=== HOW TO COMPLETE THIS TASK ===
Show every line of the records below that contains the word "from".

Short descriptive text snippets:
::::

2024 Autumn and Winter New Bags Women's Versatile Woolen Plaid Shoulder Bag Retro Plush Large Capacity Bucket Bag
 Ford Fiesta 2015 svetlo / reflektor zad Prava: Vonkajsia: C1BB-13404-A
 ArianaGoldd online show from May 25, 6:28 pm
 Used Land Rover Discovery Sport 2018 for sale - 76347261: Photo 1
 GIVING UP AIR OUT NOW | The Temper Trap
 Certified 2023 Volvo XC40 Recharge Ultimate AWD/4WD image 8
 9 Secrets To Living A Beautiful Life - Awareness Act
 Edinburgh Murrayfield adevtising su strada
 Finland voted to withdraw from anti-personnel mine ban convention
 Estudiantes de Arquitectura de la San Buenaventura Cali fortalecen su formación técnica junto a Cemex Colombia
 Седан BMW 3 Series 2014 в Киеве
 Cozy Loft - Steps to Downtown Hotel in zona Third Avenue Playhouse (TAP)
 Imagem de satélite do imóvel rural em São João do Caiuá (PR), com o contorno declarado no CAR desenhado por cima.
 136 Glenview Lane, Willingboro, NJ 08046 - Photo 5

::::

=== RESPONSE TO THIS EXERCISE ===
 ArianaGoldd online show from May 25, 6:28 pm
 Finland voted to withdraw from anti-personnel mine ban convention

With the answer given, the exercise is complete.